_Goal of the exercise_
Give back exactly the lines of the entries below from the line with "Mikk-Line Apple Butter-Chocolate" to the line with "Lastolite Sky Rapid", inclusive, and only those.

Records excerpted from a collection
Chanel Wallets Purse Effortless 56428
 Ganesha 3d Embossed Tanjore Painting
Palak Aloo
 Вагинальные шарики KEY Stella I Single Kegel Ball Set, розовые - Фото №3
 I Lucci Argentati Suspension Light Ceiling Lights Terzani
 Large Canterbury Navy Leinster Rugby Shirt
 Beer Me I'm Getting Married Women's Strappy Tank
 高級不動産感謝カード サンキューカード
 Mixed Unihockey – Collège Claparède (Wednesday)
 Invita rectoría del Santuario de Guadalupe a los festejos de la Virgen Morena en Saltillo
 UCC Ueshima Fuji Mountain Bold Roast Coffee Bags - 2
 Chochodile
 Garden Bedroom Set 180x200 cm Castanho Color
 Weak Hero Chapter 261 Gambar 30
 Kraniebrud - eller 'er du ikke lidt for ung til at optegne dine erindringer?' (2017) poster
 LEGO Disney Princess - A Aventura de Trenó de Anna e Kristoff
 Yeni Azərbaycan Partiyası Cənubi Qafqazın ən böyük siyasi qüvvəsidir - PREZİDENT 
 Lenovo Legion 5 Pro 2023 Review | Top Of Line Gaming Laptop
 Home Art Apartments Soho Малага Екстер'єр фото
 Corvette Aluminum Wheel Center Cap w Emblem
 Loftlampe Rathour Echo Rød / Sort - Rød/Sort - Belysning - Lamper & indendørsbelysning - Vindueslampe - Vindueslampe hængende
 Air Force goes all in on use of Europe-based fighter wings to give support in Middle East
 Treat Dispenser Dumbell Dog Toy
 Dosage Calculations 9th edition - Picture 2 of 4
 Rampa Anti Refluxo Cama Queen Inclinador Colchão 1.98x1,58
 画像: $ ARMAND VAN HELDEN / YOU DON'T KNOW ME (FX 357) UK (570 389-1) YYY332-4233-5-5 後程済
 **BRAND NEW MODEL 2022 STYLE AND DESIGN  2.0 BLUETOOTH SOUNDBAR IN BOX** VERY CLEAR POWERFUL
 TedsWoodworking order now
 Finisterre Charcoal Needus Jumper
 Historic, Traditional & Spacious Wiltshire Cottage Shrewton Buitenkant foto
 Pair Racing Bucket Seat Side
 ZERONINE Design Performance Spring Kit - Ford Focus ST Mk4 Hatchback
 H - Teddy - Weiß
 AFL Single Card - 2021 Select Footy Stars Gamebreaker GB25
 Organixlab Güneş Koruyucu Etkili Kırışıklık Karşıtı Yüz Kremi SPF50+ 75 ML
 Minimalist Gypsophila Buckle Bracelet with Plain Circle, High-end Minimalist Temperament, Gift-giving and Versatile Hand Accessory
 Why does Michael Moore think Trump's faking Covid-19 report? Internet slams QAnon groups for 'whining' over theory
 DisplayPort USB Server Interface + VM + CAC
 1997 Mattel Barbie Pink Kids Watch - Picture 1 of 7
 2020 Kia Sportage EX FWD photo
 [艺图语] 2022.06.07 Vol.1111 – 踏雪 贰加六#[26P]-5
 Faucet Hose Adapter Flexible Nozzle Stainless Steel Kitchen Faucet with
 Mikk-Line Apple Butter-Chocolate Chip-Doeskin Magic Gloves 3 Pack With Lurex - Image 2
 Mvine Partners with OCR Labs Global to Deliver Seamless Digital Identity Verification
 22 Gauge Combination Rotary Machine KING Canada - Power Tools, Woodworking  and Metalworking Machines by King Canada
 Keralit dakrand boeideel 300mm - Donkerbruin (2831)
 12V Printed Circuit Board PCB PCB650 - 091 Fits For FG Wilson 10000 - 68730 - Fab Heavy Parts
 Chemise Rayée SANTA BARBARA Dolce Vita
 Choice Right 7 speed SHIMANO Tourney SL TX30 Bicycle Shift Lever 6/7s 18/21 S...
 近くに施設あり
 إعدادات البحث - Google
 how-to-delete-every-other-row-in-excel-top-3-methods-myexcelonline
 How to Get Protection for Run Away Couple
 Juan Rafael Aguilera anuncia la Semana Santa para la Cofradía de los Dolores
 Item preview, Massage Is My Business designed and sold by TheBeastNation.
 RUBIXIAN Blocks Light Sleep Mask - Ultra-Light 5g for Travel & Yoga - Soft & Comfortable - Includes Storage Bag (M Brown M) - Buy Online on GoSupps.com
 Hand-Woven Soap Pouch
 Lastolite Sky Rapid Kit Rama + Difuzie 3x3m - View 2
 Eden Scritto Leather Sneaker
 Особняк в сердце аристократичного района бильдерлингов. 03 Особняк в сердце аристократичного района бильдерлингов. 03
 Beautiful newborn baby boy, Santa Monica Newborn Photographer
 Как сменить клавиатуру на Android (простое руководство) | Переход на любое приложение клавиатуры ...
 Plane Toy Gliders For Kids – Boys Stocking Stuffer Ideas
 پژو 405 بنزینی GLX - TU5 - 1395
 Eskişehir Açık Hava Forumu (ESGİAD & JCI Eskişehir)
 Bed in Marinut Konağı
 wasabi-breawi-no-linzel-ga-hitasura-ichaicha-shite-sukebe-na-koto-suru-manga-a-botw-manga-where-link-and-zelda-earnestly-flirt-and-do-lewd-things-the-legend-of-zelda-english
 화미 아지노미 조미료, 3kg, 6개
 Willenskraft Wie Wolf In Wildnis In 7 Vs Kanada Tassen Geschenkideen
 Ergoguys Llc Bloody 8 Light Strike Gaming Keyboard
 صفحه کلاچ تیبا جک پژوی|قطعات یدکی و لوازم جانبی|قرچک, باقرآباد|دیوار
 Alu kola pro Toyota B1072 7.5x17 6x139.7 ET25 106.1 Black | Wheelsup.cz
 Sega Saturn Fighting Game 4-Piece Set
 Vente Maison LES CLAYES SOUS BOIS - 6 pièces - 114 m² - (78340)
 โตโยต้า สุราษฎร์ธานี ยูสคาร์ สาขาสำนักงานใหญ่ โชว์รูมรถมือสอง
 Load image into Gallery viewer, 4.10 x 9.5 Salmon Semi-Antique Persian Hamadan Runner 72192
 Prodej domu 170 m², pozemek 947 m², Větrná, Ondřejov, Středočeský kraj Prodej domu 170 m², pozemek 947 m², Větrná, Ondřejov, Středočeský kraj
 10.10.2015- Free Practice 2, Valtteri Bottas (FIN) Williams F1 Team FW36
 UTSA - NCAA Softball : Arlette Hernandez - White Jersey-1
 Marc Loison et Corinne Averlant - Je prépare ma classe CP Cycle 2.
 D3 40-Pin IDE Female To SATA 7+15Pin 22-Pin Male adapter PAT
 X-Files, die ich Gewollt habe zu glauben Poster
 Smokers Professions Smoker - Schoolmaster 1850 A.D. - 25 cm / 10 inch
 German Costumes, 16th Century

_Expected answer_
 Mikk-Line Apple Butter-Chocolate Chip-Doeskin Magic Gloves 3 Pack With Lurex - Image 2
 Mvine Partners with OCR Labs Global to Deliver Seamless Digital Identity Verification
 22 Gauge Combination Rotary Machine KING Canada - Power Tools, Woodworking  and Metalworking Machines by King Canada
 Keralit dakrand boeideel 300mm - Donkerbruin (2831)
 12V Printed Circuit Board PCB PCB650 - 091 Fits For FG Wilson 10000 - 68730 - Fab Heavy Parts
 Chemise Rayée SANTA BARBARA Dolce Vita
 Choice Right 7 speed SHIMANO Tourney SL TX30 Bicycle Shift Lever 6/7s 18/21 S...
 近くに施設あり
 إعدادات البحث - Google
 how-to-delete-every-other-row-in-excel-top-3-methods-myexcelonline
 How to Get Protection for Run Away Couple
 Juan Rafael Aguilera anuncia la Semana Santa para la Cofradía de los Dolores
 Item preview, Massage Is My Business designed and sold by TheBeastNation.
 RUBIXIAN Blocks Light Sleep Mask - Ultra-Light 5g for Travel & Yoga - Soft & Comfortable - Includes Storage Bag (M Brown M) - Buy Online on GoSupps.com
 Hand-Woven Soap Pouch
 Lastolite Sky Rapid Kit Rama + Difuzie 3x3m - View 2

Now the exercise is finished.